I don't want to hold locks while we wait for a response from ceph.
And I want don't want other members to wait while one is being updated.
There was a problem hiding this comment.
Choose a reason for hiding this comment
The reason will be displayed to describe this comment to others. Learn more.
Sorry, but that is not what the commit message describes:
Multiple go-routines may simultaneously check for
presence of a clusterID's metadata such as
subvolumegroup created state, resize state,
metadata state and snapshot metadata state in the
clusterAdditionalInfo map and update an entry after creation
if it is absent. This set of operation needs to be serialized.
There is no serialization in this commit. This commit add atomically setting/reading a value. Usually an int is atomic already, and sufficient if there are no calculations done with it. I do not think the mutex per member in the operationState
contributes to preventing race conditions.
👍 |
@Mergifyio queue |
✅ The pull request has been merged automaticallyThe pull request has been merged automatically at d516a1d |
Multiple go-routines may simultaneously check for a clusterID's presence in clusterAdditionalInfo and create an entry if it is absent. This set of operation needs to be serialized. Therefore, this commit safeguards clusterAdditionalInfo map from concurrent writes with a mutex to prevent the above problem. Signed-off-by: Rakshith R <rar@redhat.com>
Multiple go-routines may simultaneously create the subVolumeGroupCreated map or write into it for a particular group. This commit safeguards subVolumeGroupCreated map from concurrent creation/writes while allowing for multiple readers. Signed-off-by: Rakshith R <rar@redhat.com>
/test ci/centos/upgrade-tests-cephfs |
/test ci/centos/upgrade-tests-rbd |
/test ci/centos/k8s-e2e-external-storage/1.26 |
/test ci/centos/k8s-e2e-external-storage/1.27 |
/test ci/centos/mini-e2e-helm/k8s-1.26 |
/test ci/centos/mini-e2e-helm/k8s-1.27 |
/test ci/centos/k8s-e2e-external-storage/1.28 |
/test ci/centos/mini-e2e/k8s-1.26 |
/test ci/centos/mini-e2e/k8s-1.27 |
/test ci/centos/mini-e2e-helm/k8s-1.28 |
/test ci/centos/mini-e2e/k8s-1.28 |
@Mergifyio backport release-3.9 |
❌ No backport have been created
GitHub error: |
@Mergifyio backport release-v3.9 |
🟠 Pending
|
Describe what this PR does
This commit uses atomic.Int64 and sync.Map with members of localClusterState and safeguards clusterAdditionalInfo map operations with a mutex.

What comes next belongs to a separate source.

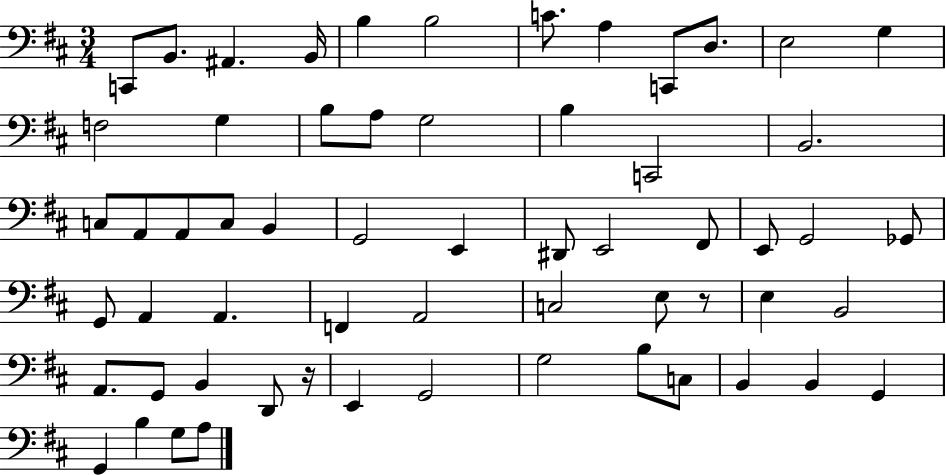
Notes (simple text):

C2/e B2/e. A#2/q. B2/s B3/q B3/h C4/e. A3/q C2/e D3/e. E3/h G3/q F3/h G3/q B3/e A3/e G3/h B3/q C2/h B2/h. C3/e A2/e A2/e C3/e B2/q G2/h E2/q D#2/e E2/h F#2/e E2/e G2/h Gb2/e G2/e A2/q A2/q. F2/q A2/h C3/h E3/e R/e E3/q B2/h A2/e. G2/e B2/q D2/e R/s E2/q G2/h G3/h B3/e C3/e B2/q B2/q G2/q G2/q B3/q G3/e A3/e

Is the change backward compatible?
yes
Are there concerns around backward compatibility?
no
Related issues
Fixes: #4162
Show available bot commands
These commands are normally not required, but in case of issues, leave any of
the following bot commands in an otherwise empty comment in this PR:
/retest ci/centos/<job-name>
: retest the<job-name>
after unrelatedfailure (please report the failure too!)